I chose to stick with it, since it also made it easier for people to view the project details.

In the original version, I showed the full project with the “did you work on this” buttons on top in the bottom, and people missed them.

In both versions, and from the very beginning, I had included a “Why was this suggested” link, where members can investigate the rules behind the feature. This was also due to Feats’ (and my own) principle of full data transparency. As an added bonus, it helped testers to understand the feature better, when they knew how it was done. And many of them asked, how it was even possible to suggest projects like this. Magic! 🔮🧙‍♀️

All of the rules for the suggester

I moved the Project Suggester into a flow of its own, knowing it should potentially be accessed from different places, the profile, an onboarding, even an email. Initially, the idea was that the Project Suggester should have been a “page” all on its own, but it didn’t make sense.

I also added a small onboarding flow to explain the feature for the first time people use it.

Finally, I worked with the button designs. Alot.

I focused most of my time and attention on the mobile version, since checking your project suggestions should be something easily done while you’re on the go. Adding your projects and writing case studies is something people are more likely to do on a computer.

And, speaking of people.

User testing

For testing, we primarily created click-through prototypes with follow-up questions and ratings using Maze. I was especially interested in finding out if adding other people on a project was intuitive, and if people understood how they could add others (searching for a name, adding an email, etc.)

Because when members added themselves on a project that didn’t yet have anyone else who could confirm their participation, it was critical that they could add other people successfully, so they could get into the project.

This way of verifying roles, through a whole verification system, was extremely difficult to work with, because it heavily constrained the design.
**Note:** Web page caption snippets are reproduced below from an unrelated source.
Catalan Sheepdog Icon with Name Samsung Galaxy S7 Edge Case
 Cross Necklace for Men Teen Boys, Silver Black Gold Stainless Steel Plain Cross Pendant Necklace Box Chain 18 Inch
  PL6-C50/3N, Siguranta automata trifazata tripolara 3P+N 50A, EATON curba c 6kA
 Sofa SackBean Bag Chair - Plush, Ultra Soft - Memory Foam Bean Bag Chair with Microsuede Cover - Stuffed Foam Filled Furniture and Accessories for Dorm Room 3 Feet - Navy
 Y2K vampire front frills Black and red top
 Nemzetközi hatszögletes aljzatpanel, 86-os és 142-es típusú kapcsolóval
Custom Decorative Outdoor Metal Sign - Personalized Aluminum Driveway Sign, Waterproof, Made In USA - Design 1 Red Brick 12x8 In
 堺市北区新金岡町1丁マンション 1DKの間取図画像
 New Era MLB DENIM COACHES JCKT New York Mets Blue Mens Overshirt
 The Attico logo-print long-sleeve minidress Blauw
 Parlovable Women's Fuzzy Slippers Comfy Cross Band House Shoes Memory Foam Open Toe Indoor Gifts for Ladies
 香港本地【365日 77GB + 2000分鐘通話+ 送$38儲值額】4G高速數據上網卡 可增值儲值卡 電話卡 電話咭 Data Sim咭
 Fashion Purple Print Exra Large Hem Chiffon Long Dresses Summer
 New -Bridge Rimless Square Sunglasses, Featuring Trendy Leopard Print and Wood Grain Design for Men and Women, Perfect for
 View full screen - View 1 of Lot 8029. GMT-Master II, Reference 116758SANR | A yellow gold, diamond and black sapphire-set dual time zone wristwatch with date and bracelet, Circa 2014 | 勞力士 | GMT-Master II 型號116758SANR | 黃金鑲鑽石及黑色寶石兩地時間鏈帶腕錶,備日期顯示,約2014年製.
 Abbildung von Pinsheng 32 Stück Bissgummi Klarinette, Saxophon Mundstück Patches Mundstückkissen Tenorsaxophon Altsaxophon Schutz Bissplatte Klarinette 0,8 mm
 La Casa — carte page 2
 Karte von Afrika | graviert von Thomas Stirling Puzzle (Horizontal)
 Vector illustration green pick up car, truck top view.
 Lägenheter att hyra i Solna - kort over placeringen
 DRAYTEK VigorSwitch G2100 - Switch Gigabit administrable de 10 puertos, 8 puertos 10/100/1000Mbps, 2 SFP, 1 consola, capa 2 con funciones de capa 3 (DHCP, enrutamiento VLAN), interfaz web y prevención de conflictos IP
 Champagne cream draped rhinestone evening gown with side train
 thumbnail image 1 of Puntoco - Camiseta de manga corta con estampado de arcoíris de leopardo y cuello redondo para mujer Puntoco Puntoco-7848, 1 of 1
It also challenged me to try to make a very difficult thing to understand, seem intuitive and self-explanatory. I didn’t always entirely succeed. But it the verification is the way that Feats ensures, that people who are on a project, actually worked on that project, because the people verify each others participation.

As part of the larger research project to redesign and reposition the product, we did online prototype tests of a prototype of the entire platform, and this included the first version of the Project Suggester.

Development

The way I worked with this design solution was designing the full feature, and then collaborating with my colleague the Product Lead on chopping it up into nice little bite-sized versions. This way, we would be able to release small, incremental improvements rather than have extremely large and long development projects. The true value of my designs isn’t realised until it’s released into the product, and is being used by the people its designed for.

Throughout the process, I’d had calls with developers about the feature in its different stages. This is to make sure I don’t run down a road design-wise that there is no way in hell we could build. But for the final design handoff to development, I held a kick-off meeting and presented the final feature.